WHAT IS EXPECTED -
The lines to copy run from the one containing "Rüyada tırnak kırılması ne anlama geliyor?" to the very end of the records; give them exactly, and only them, without pictures.

▬▬▬

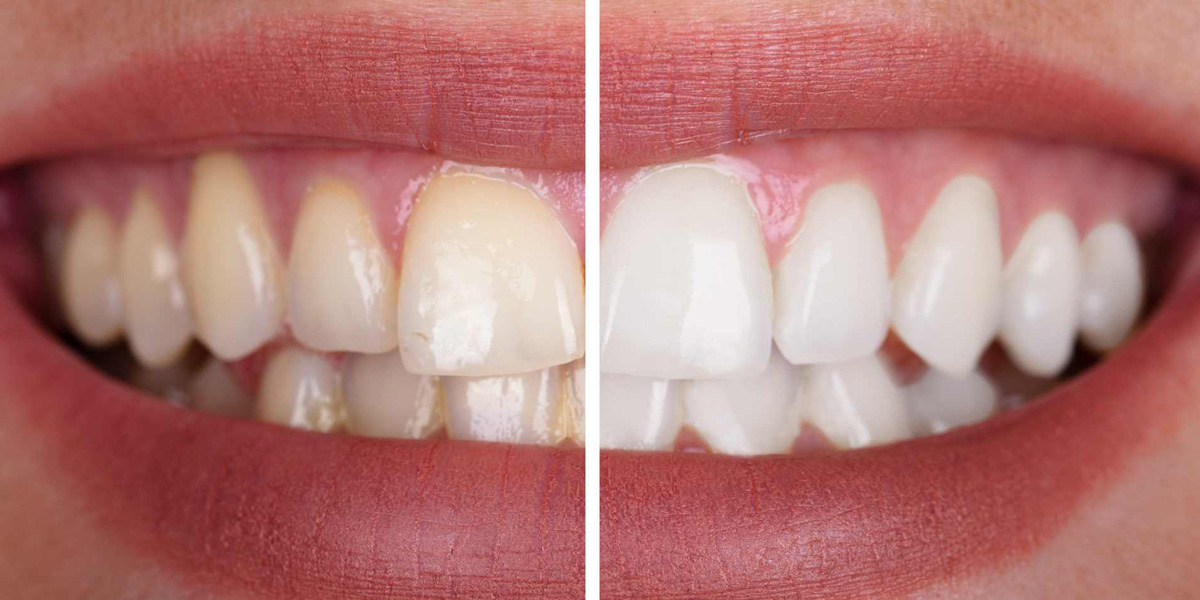 Tratamientos para eliminar manchas en los dientes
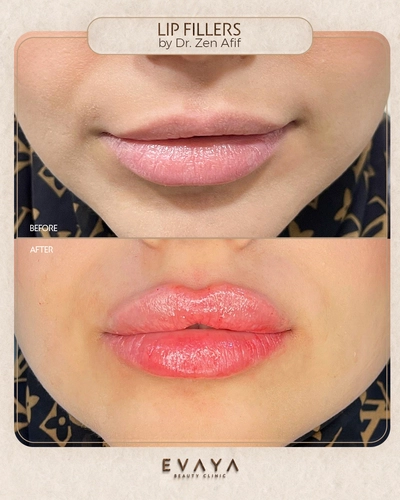 Lip Fillers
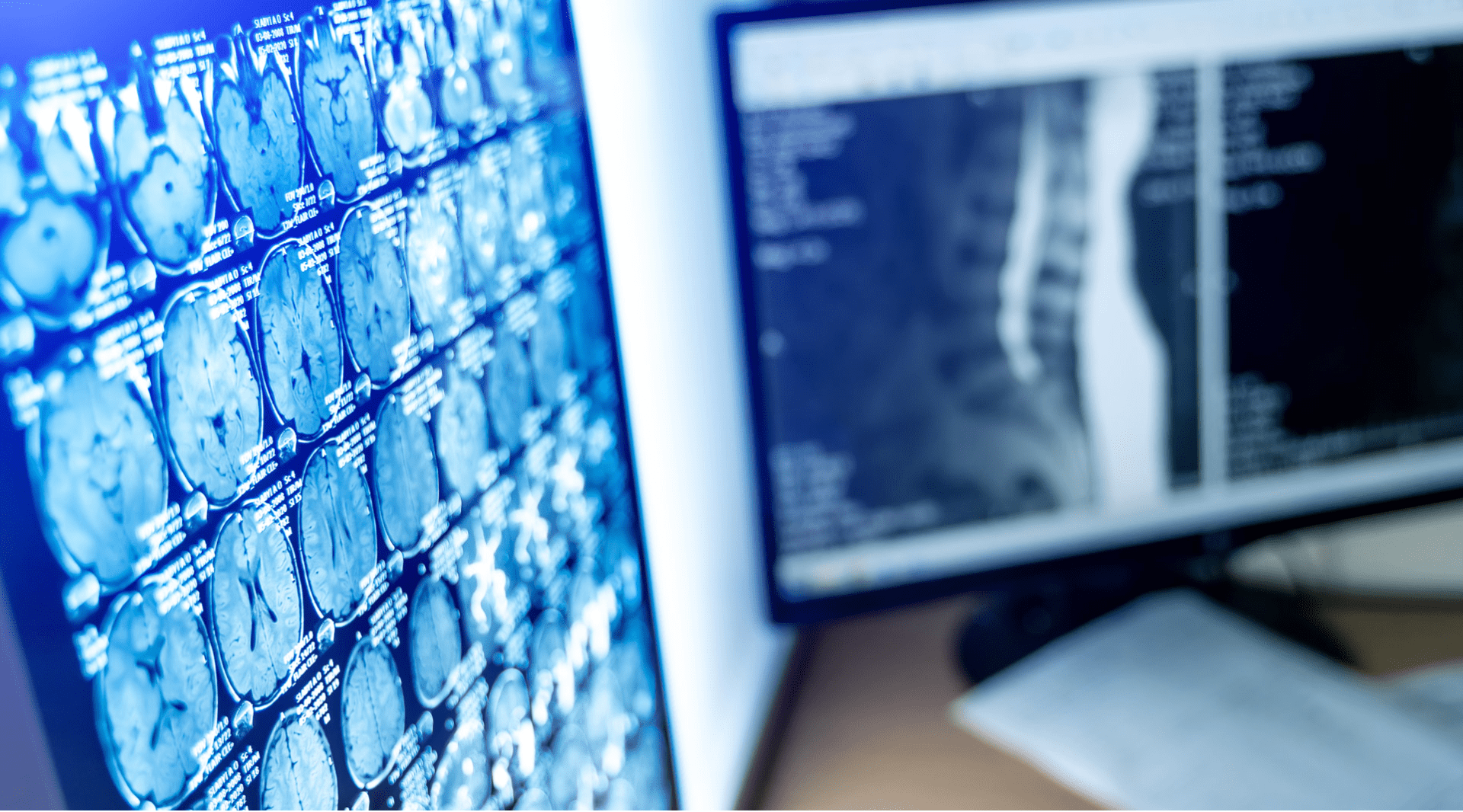 Radiografia digital ou convencional: entenda as vantagens e desvantagens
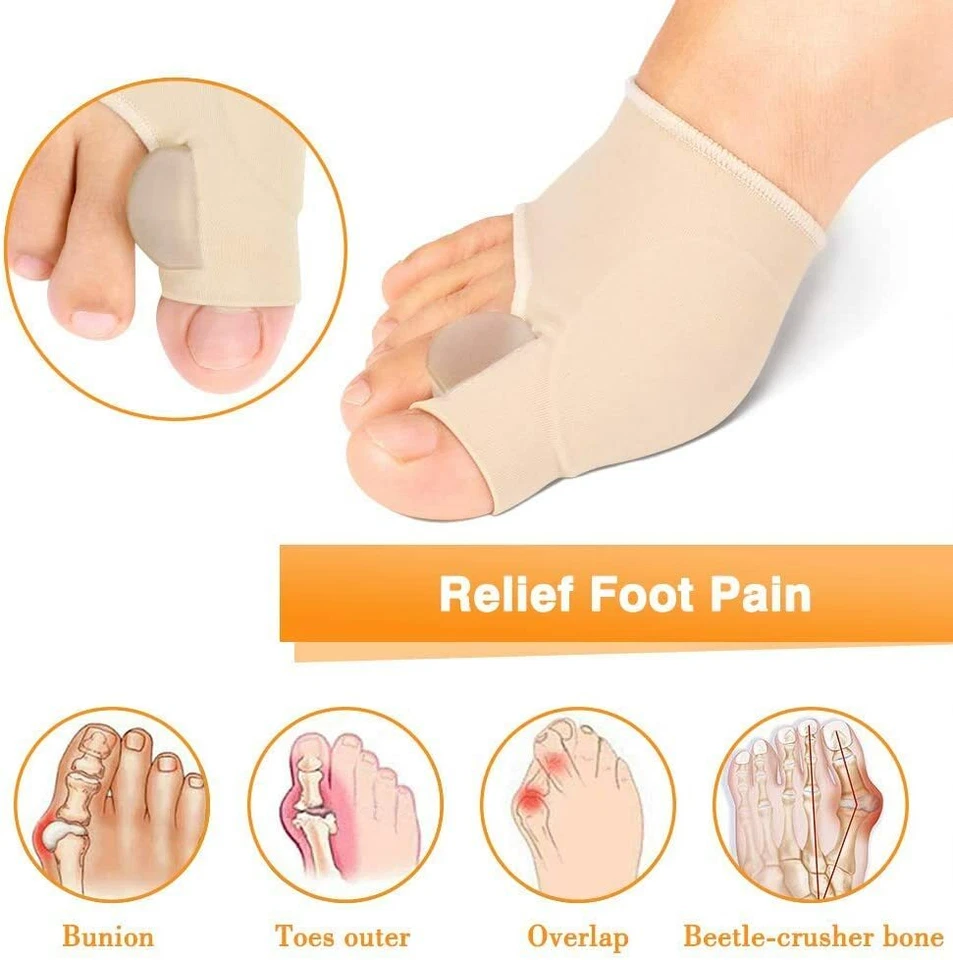 Separador de dedos Hallux Valgus juanete corrector ortopédico pies alivio del dolor manga Foto 2 de 4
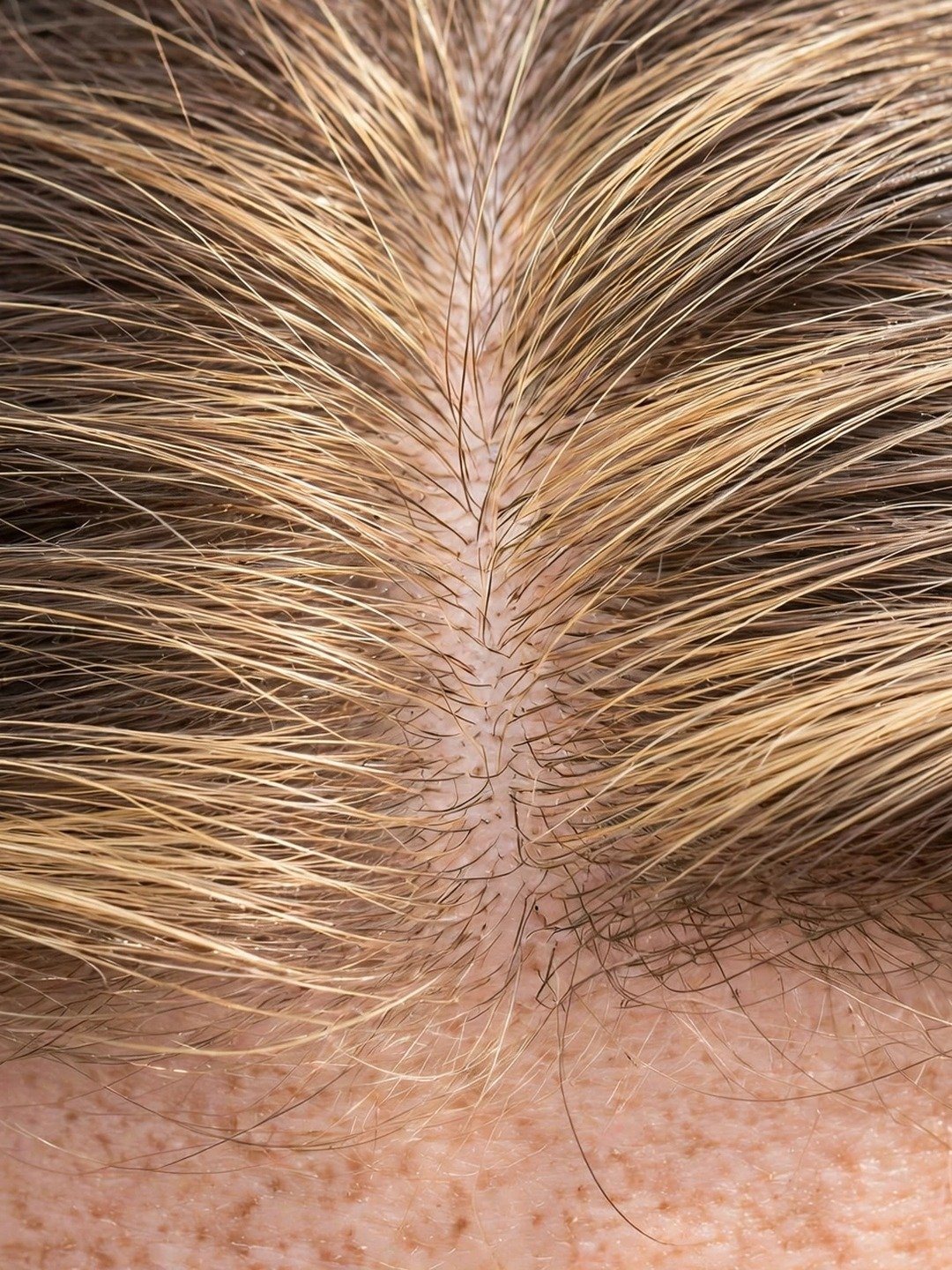 Honey Blonde Babylights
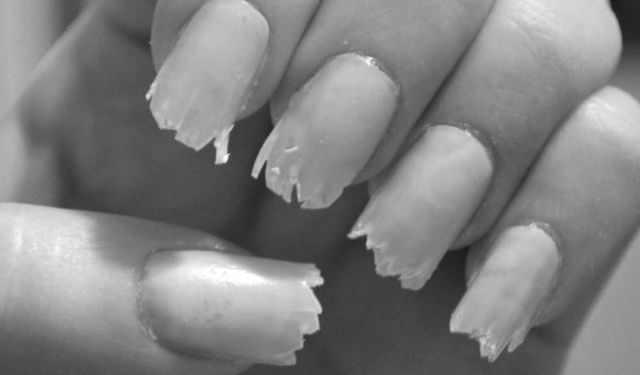 Rüyada tırnak kırılması ne anlama geliyor?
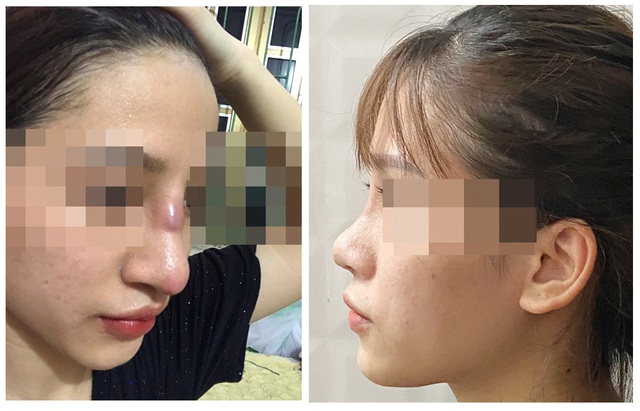 Hình ảnh mũi người bệnh trước (bên trái) và sau (bên phải) sau khi điều trị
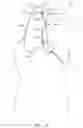 Fig. 02 - TRANSCAROTID VASCULAR ACCESS SHEATH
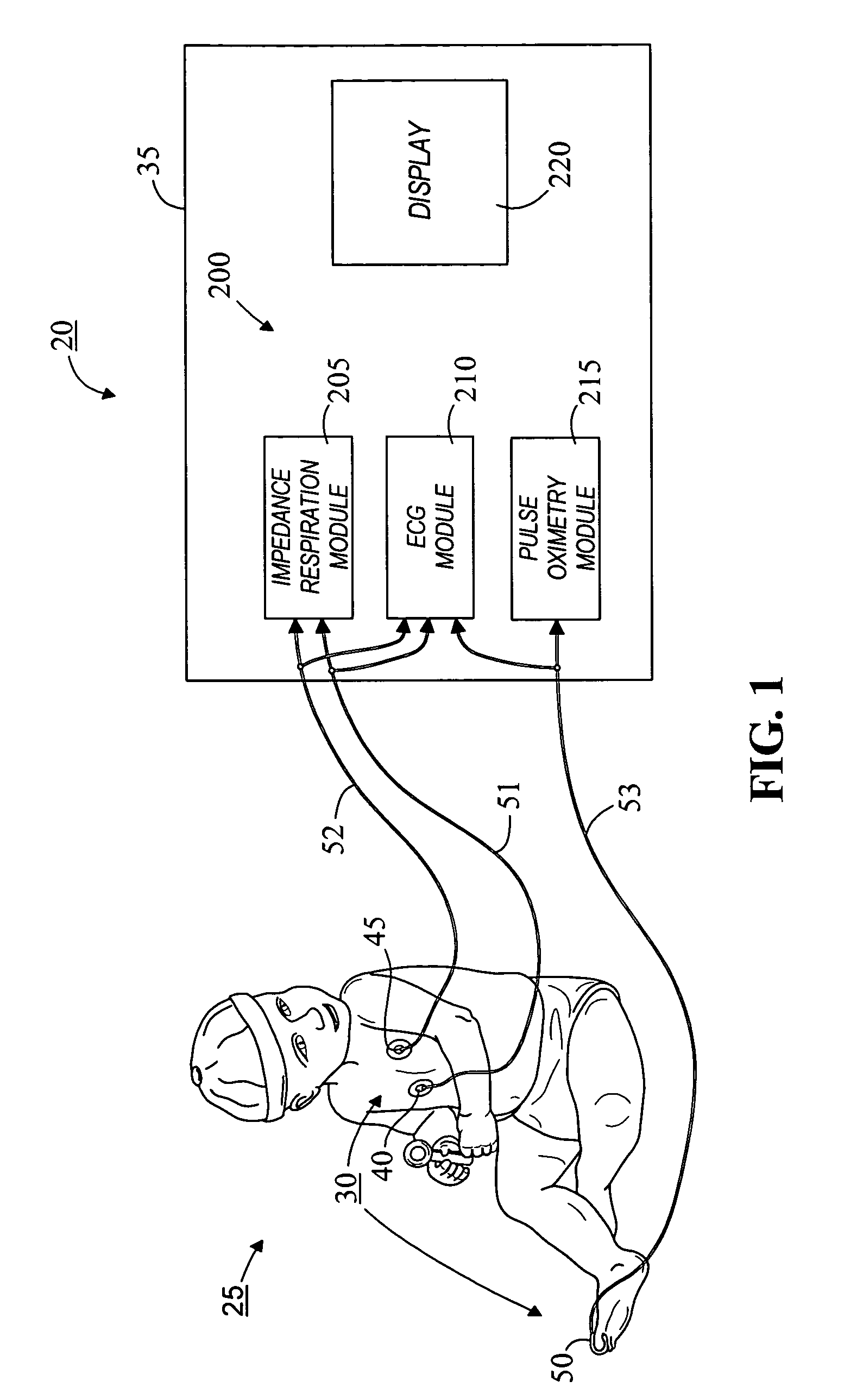 Apparatus and method for acquiring oximetry and electrocardiogram signals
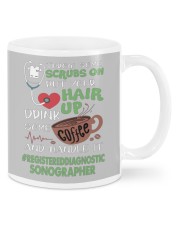 Registered Diagnostic Sonographer Mugs tile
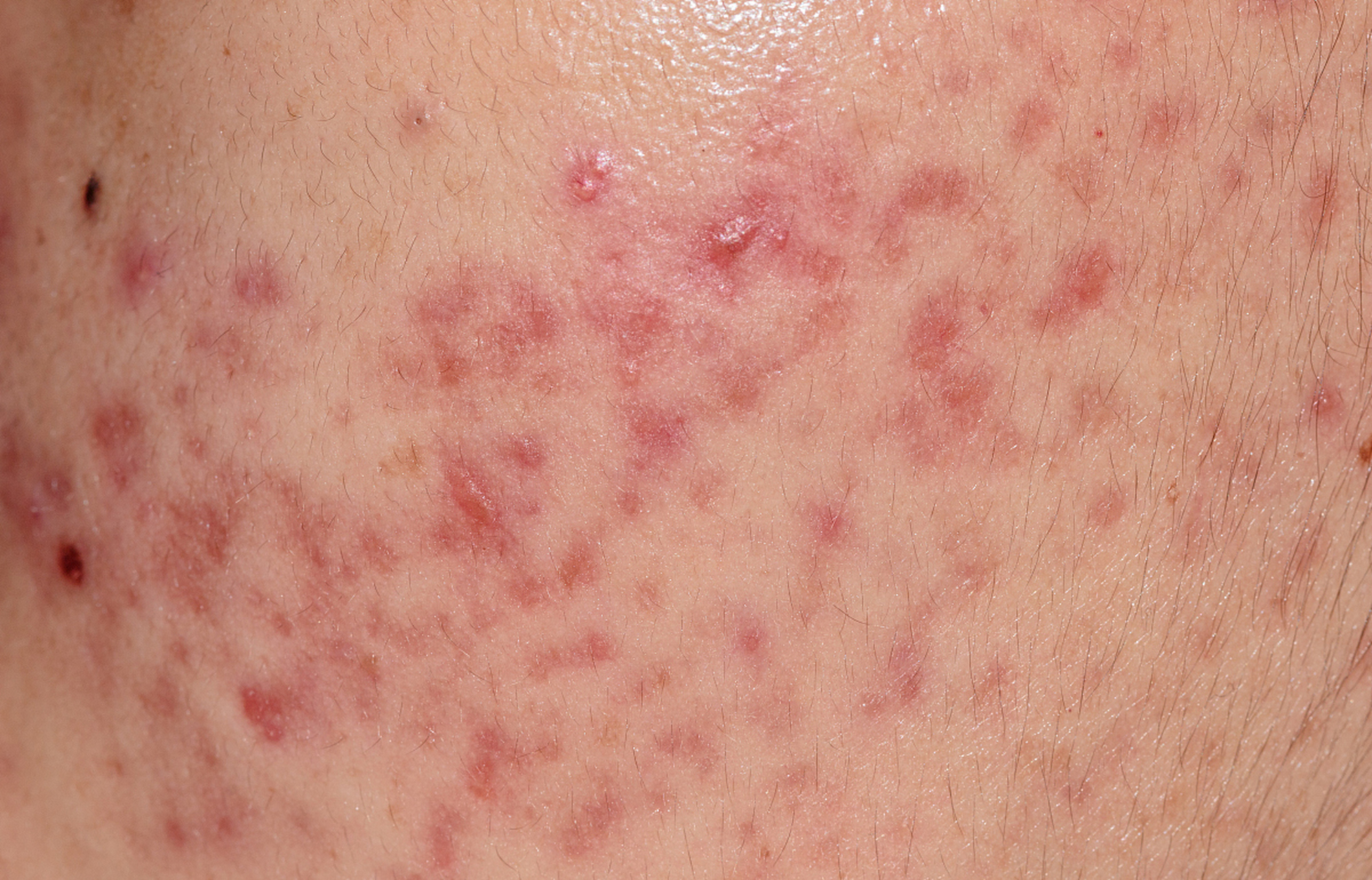 毛囊炎怎么治才能根除脸上的痘痘 #红蓝光祛痘#   毛囊炎是许多人面临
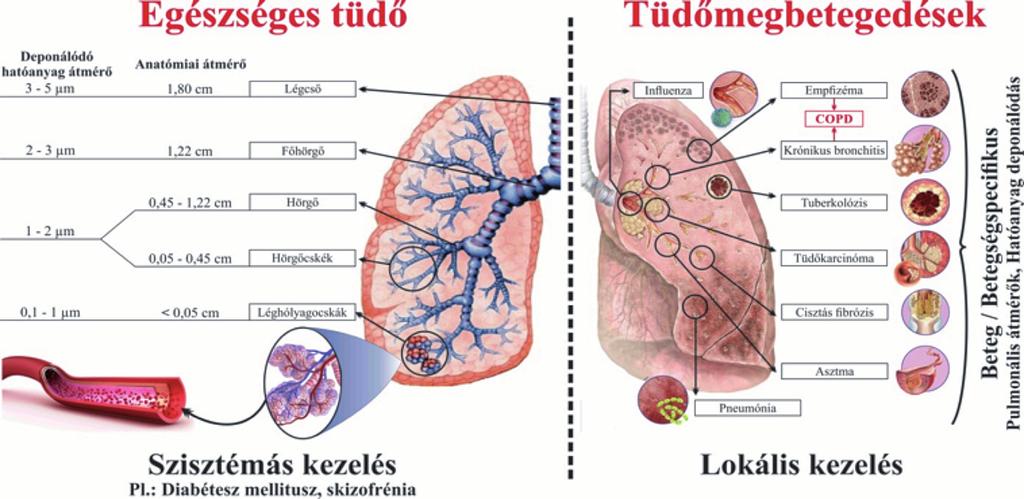 Előzmények A pulmonális témával kapcsolatosan, a szerzők több közleményt is megjelentettek a Gyógyszerészet hasábjain az utóbbi években.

▬▬▬

REPLY -
 Rüyada tırnak kırılması ne anlama geliyor?
 Hình ảnh mũi người bệnh trước (bên trái) và sau (bên phải) sau khi điều trị
 Fig. 02 - TRANSCAROTID VASCULAR ACCESS SHEATH
 Apparatus and method for acquiring oximetry and electrocardiogram signals
 Registered Diagnostic Sonographer Mugs tile
 毛囊炎怎么治才能根除脸上的痘痘 #红蓝光祛痘#   毛囊炎是许多人面临
 Előzmények A pulmonális témával kapcsolatosan, a szerzők több közleményt is megjelentettek a Gyógyszerészet hasábjain az utóbbi években.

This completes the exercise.